Mi è piaciuta molto l’atmosfera di Ham Ninh, caratterizzata da un immenso mercato pieno di colore e di vita, con i suoi ristoranti a palafitta allineati lungo il molo, ma anche quella delle spiaggette e del tempio di Dinh Than Nguyen Truc, nella zona di Ganh Dao, all’estrema punta di Nord-Ovest. Nel Sud-Ovest ho apprezzato la spiaggia del Sailing Club, egregiamente diretto dal sudafricano Philip Harris, che ha l’ambizione di creare qui una piccola Ibiza. Decisamente diverso, invece, il genere di interesse ed emozione che suscita Di Tic Nha Tù, meglio noto come Coconut Prison, il campo di concentramento americano che deteneva i vietcong ed i nordvietnamiti catturati durante la guerra. La ricostruzione delle varie ed atroci torture con manichini di cartapesta rende tutto tremendamente realistico, coinvolgente e sconvolgente, ma vale la pena visitarlo per non dimenticare e per rendersi conto di quanto può essere crudele l’essere umano e folle la guerra.

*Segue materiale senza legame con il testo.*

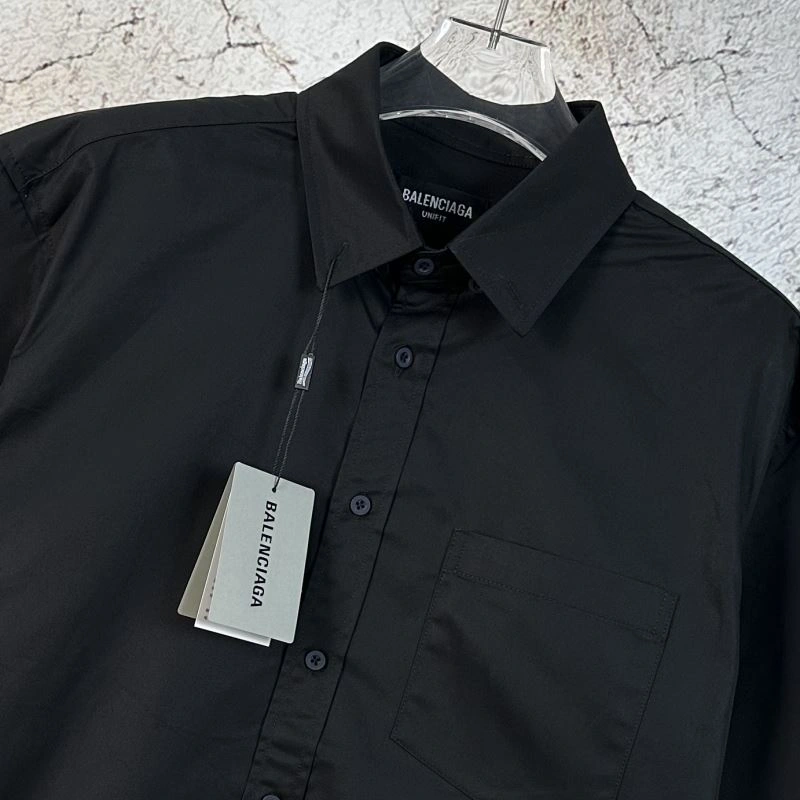 Youthful Balenciaga Shirts 97357
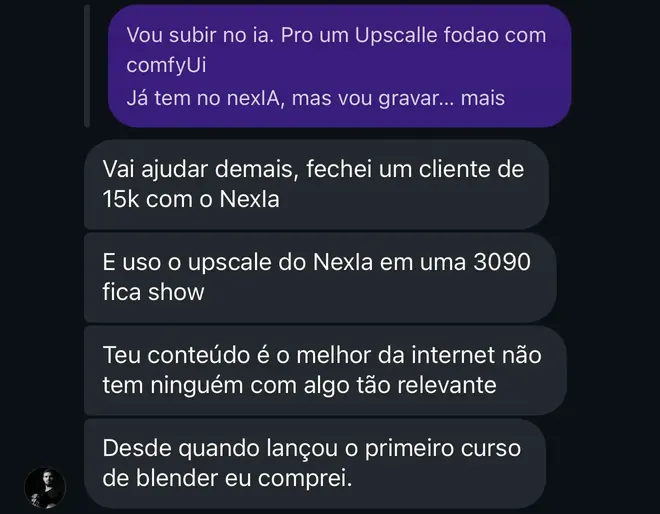 Print Discord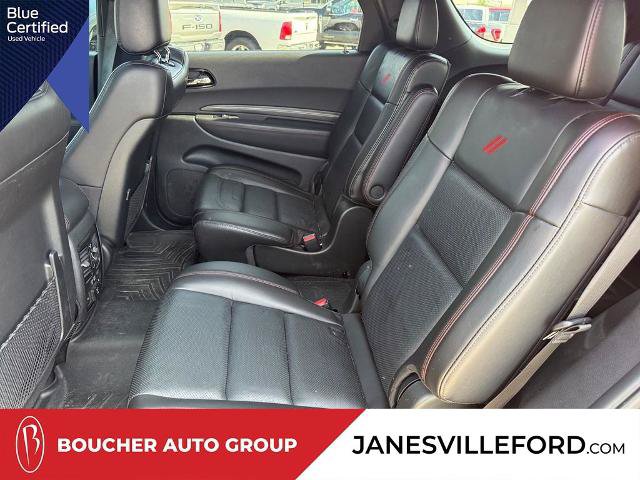 Used 2023 Dodge Durango GT AWD/4WD image 10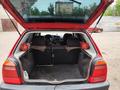 Volkswagen Golf 1995 годаүшін700 000 тг. в Караганда – фото 10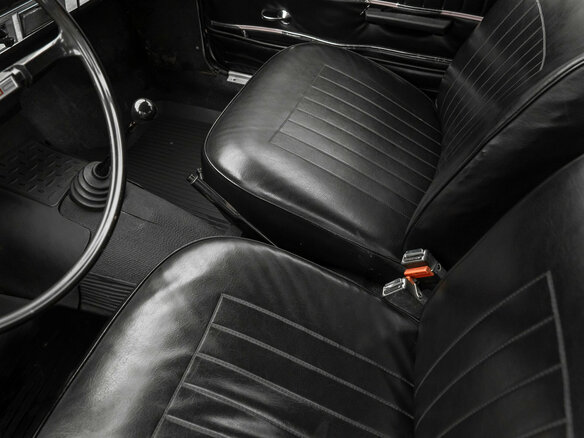 1976 Lada (ВАЗ) 2101, белый - вид 15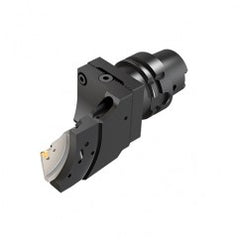 HSK T 63 MAHDL-L-XL-JHP - Exact Tooling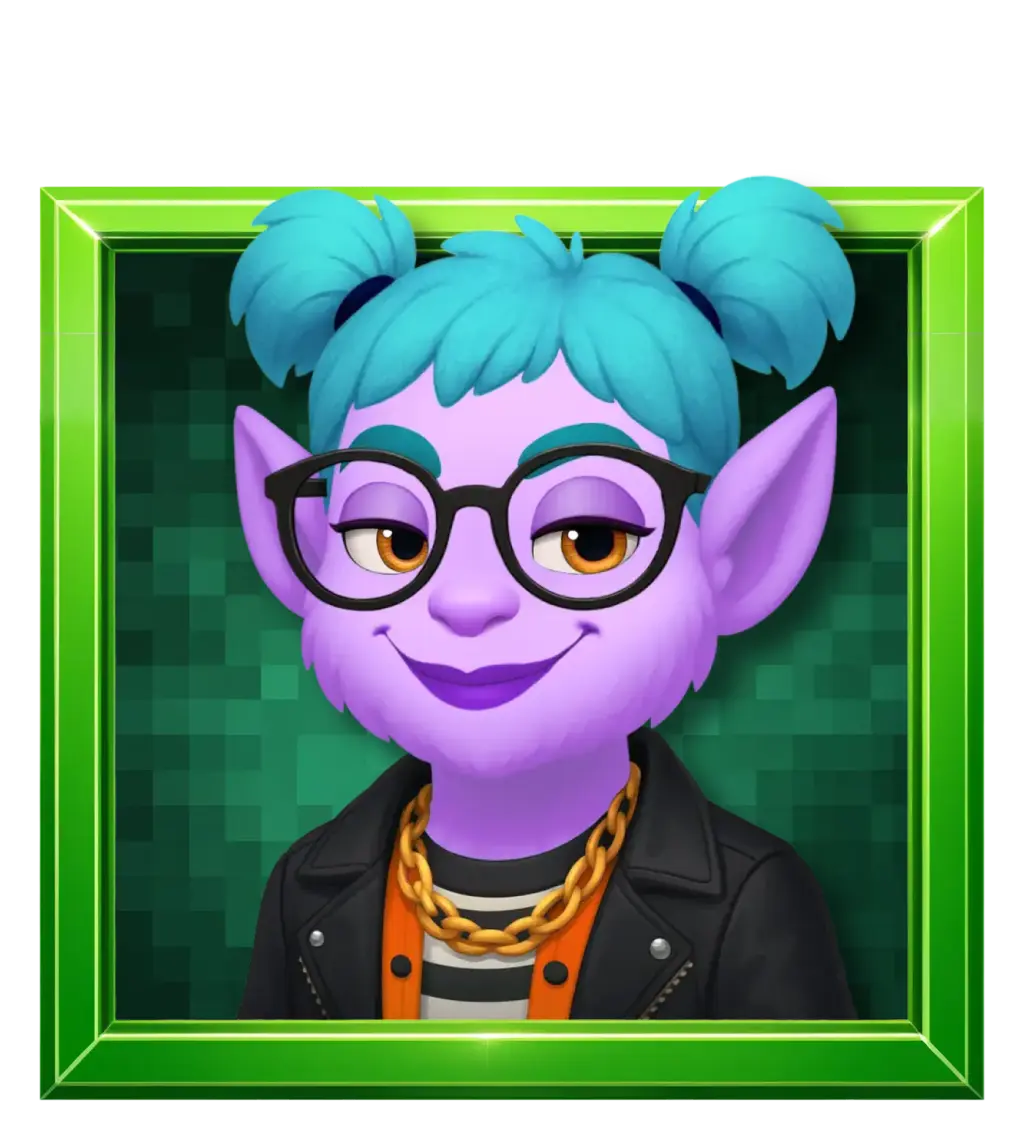 Avatar von PRUL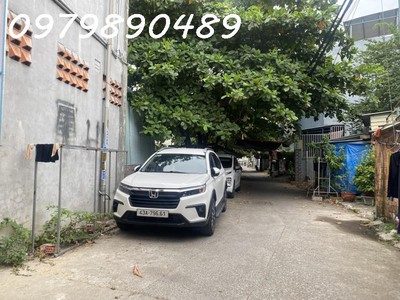 Cần bán nhà mặt tiền nguyễn chí thanh - hải châu, 82 m2, 3  tầng, giá hơn 8 tỷ 4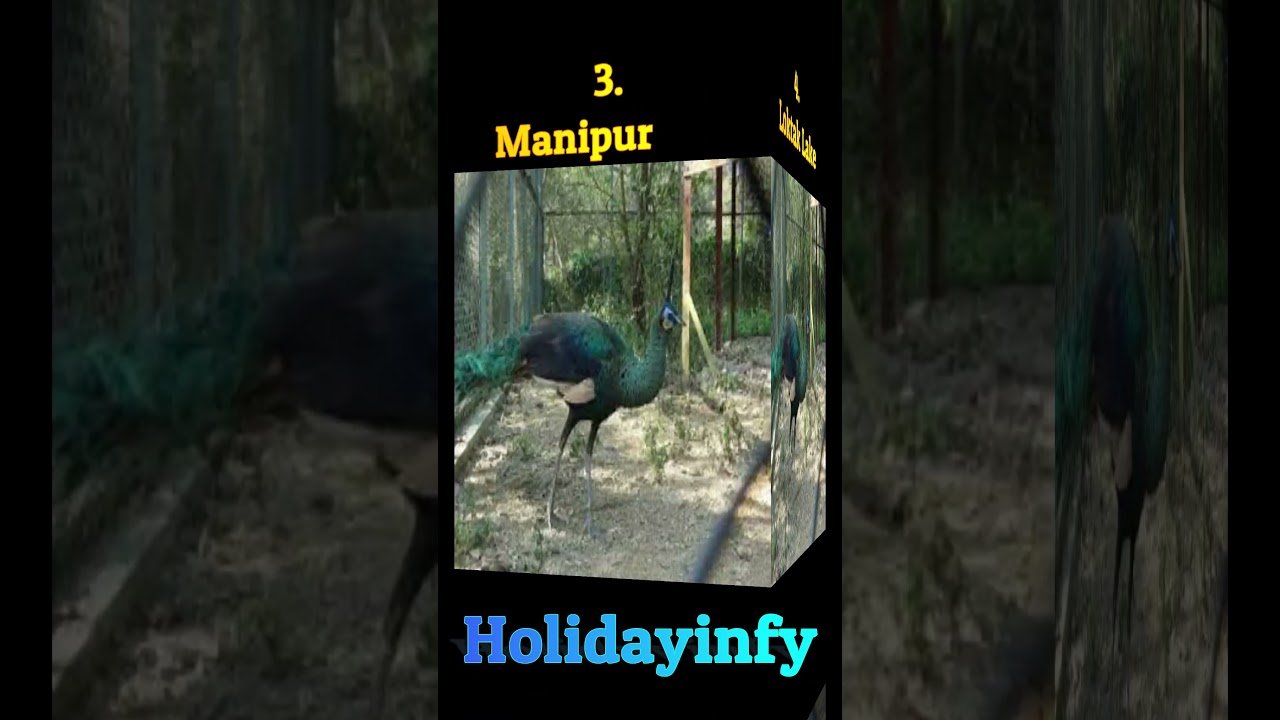 Top 10 Places to Visit in Imphal Manipur, 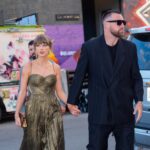 Nueva York se prepara para posible boda de Taylor Swift y Travis Kelce en el Madison Square Garden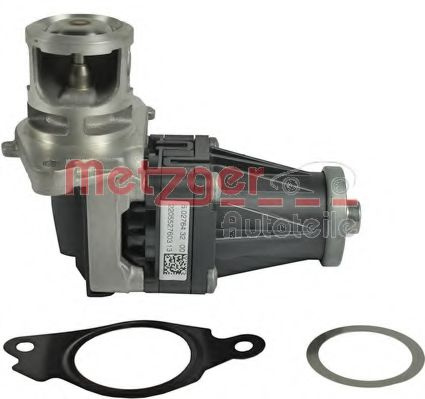 Supapa EGR FIAT DOBLO Combi (263) (2010 - 2016) METZGER 0892182 piesa NOUA
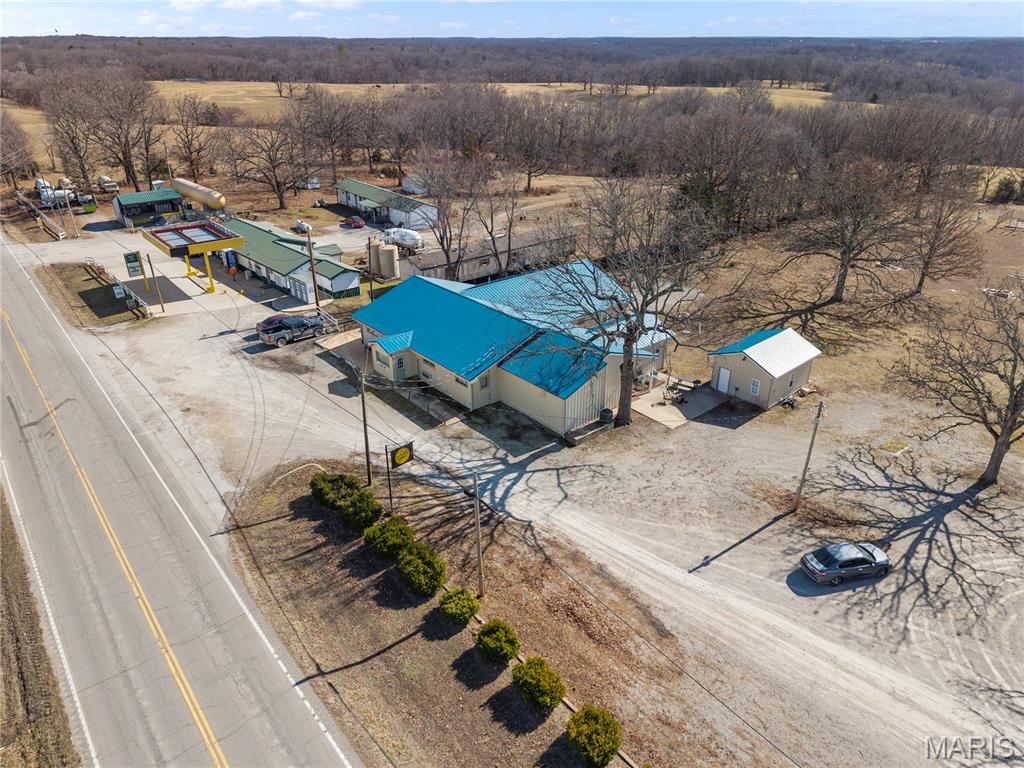 Rural - Commercial Sale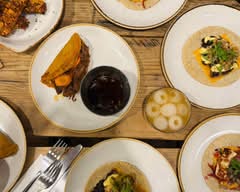 Saint Kitchen Stirchley 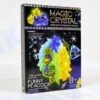 Magic Crystal Павлин Набор для проведения опытов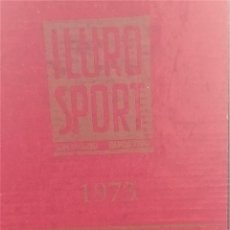 Coleccionismo deportivo: ILURO SPORT. SEMANARIO DEPORTIVO 1973 (SALTOR CASTELLSAGUER, JOAQUÍN; (DIRECTOR)). Lote 274005873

La stessa notte ho avuto comunque un brutto incubo.
La settimana nell’isola si è conclusa con un bilancio tutto sommato positivo, sono stato bene anche se lascio Phu Quoc con sensazioni contrastanti. Per un viaggiatore autonomo trovo che sia dispersiva, con troppe zone privatizzate e molti alberghi in costruzione che prefigurano un futuro all’insegna del turismo di massa, cosa che disturba gli amanti delle immersioni che già lamentano acque torbide e sporcizia diffusa. Purtroppo di Paesi che hanno perso la loro autenticità ne ho visti molti e di peggiori, ma penso che qui in molti non faranno ritorno.